Outra importante iniciativa cristã estudantil no país é a Aliança Bíblica Universitária do Brasil (ABUB), fundada em 1957. Com o objetivo de disseminar o Evangelho nas universidades e escolas secundárias, a organização incentiva a formação de grupos liderados pelos próprios estudantes. No ensino médio, a Aliança Bíblica de Secundaristas (ABS), promovida pela ABUB, mantém essa tradição, organizando encontros bíblicos nos intervalos das aulas para fomentar o compartilhamento da fé e a convivência entre jovens cristãos.

Ameaça ao estado laico

A presença dominante de uma única tradição religiosa nas escolas públicas representa um risco significativo ao princípio do Estado laico, que garante a liberdade de crença e a neutralidade do poder público em relação às religiões. Quando uma determinada doutrina passa a influenciar diretamente o ambiente escolar, cria-se um espaço onde estudantes de diferentes crenças – ou mesmo aqueles sem religião – podem se sentir excluídos ou pressionados a aderir a determinada visão de mundo. Esse desequilíbrio fere os fundamentos democráticos e o direito constitucional à liberdade religiosa.

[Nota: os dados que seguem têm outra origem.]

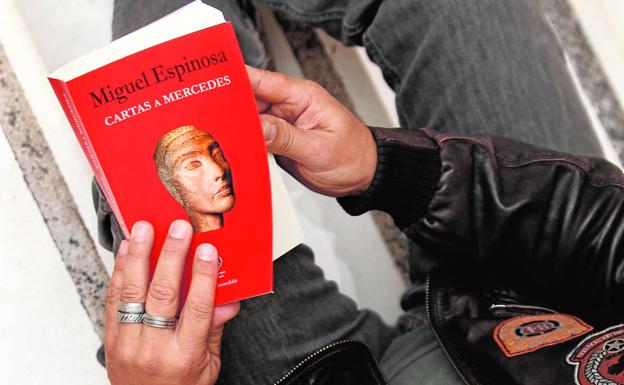 Un lector, con las 'Cartas a Mercedes' de Miguel Espinosa editadas por Afaqueque.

Além disso, a hegemonia religiosa nas instituições de ensino pode resultar na imposição de valores e práticas que nem sempre refletem a diversidade cultural e espiritual da sociedade. O currículo escolar deve ser pautado por conhecimentos científicos e pluralidade de ideias, garantindo um espaço de aprendizado acessível a todos. Quando conceitos religiosos específicos são apresentados como verdades absolutas dentro da escola, há um risco de desqualificação de perspectivas científicas e filosóficas divergentes, limitando o desenvolvimento do pensamento crítico dos alunos.

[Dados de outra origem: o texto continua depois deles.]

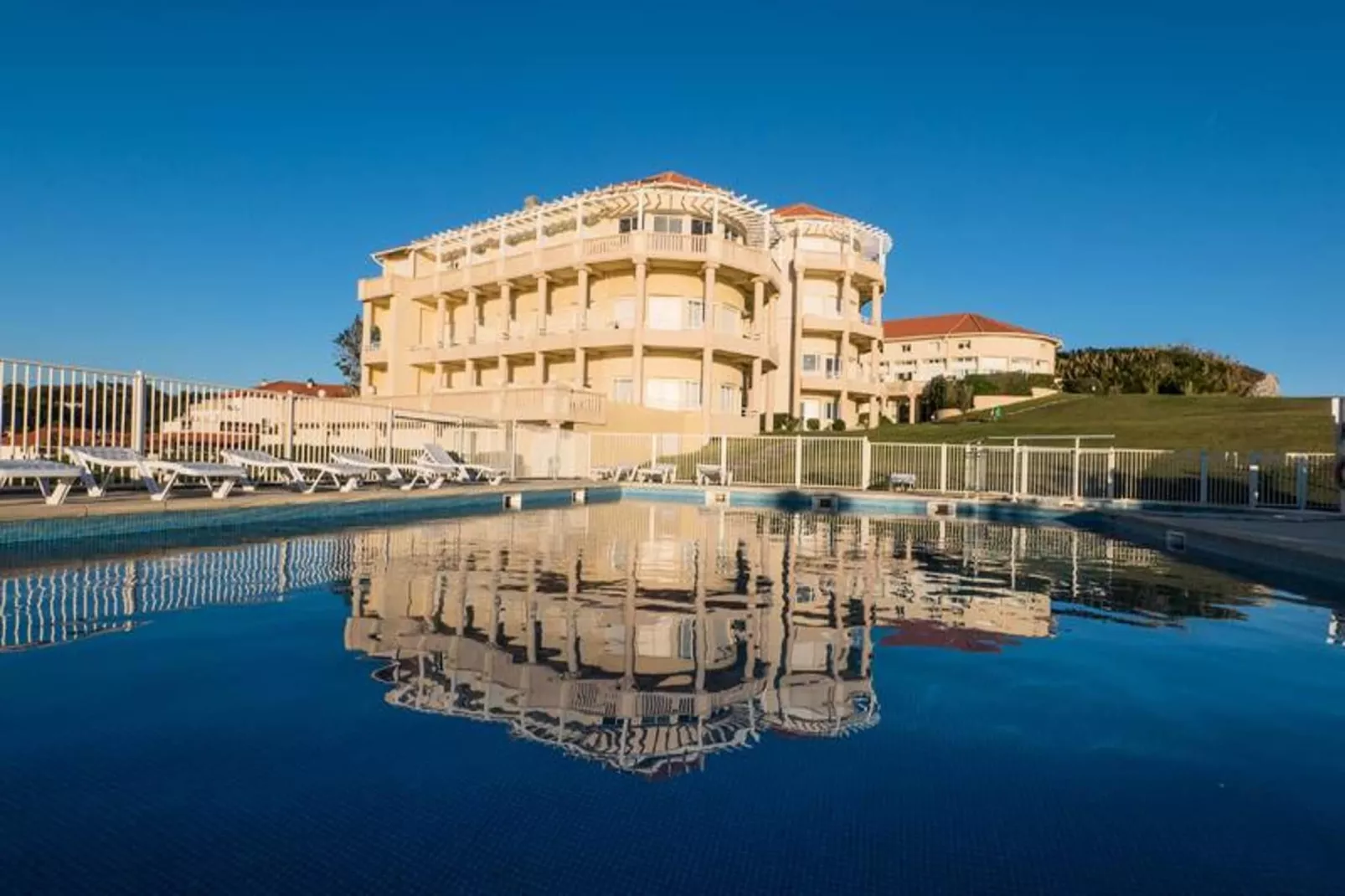 Résidence Mer & Golf Eugénie****-Buitenkant zomer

Outro problema é o impacto da hegemonia religiosa no respeito à diversidade e na promoção da tolerância. Escolas devem ser ambientes de convivência harmoniosa entre diferentes crenças e visões de mundo. No entanto, quando há favorecimento de uma religião em detrimento de outras, podem surgir episódios de discriminação contra estudantes que não compartilham da mesma fé. Essa situação tende a alimentar a intolerância e reforçar estereótipos prejudiciais, afastando a escola de seu papel essencial de formar cidadãos críticos e respeitosos das diferenças.

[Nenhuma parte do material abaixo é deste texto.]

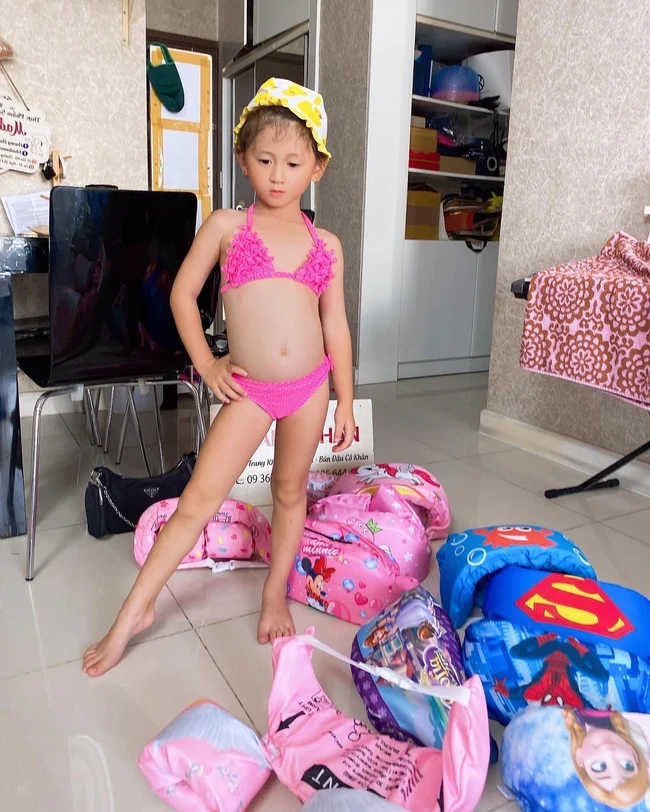 Mới 5 tuổi nhưng con gái Trang Trần đã tạo dáng cực đỉnh với giày cao gót, đến mẹ còn phải đắc ý: "Hổ phụ sinh hổ tử" - Ảnh 7.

Por fim, a manutenção do Estado laico não significa a exclusão da religião do ambiente social, mas sim a garantia de que nenhuma crença tenha privilégio sobre outras dentro de instituições públicas. O ensino religioso deve ser facultativo e pluralista, respeitando todas as tradições e dando espaço para o debate inter-religioso e filosófico. Somente assim será possível preservar o caráter democrático da educação pública, assegurando que as escolas sejam locais de aprendizado, reflexão e respeito à diversidade.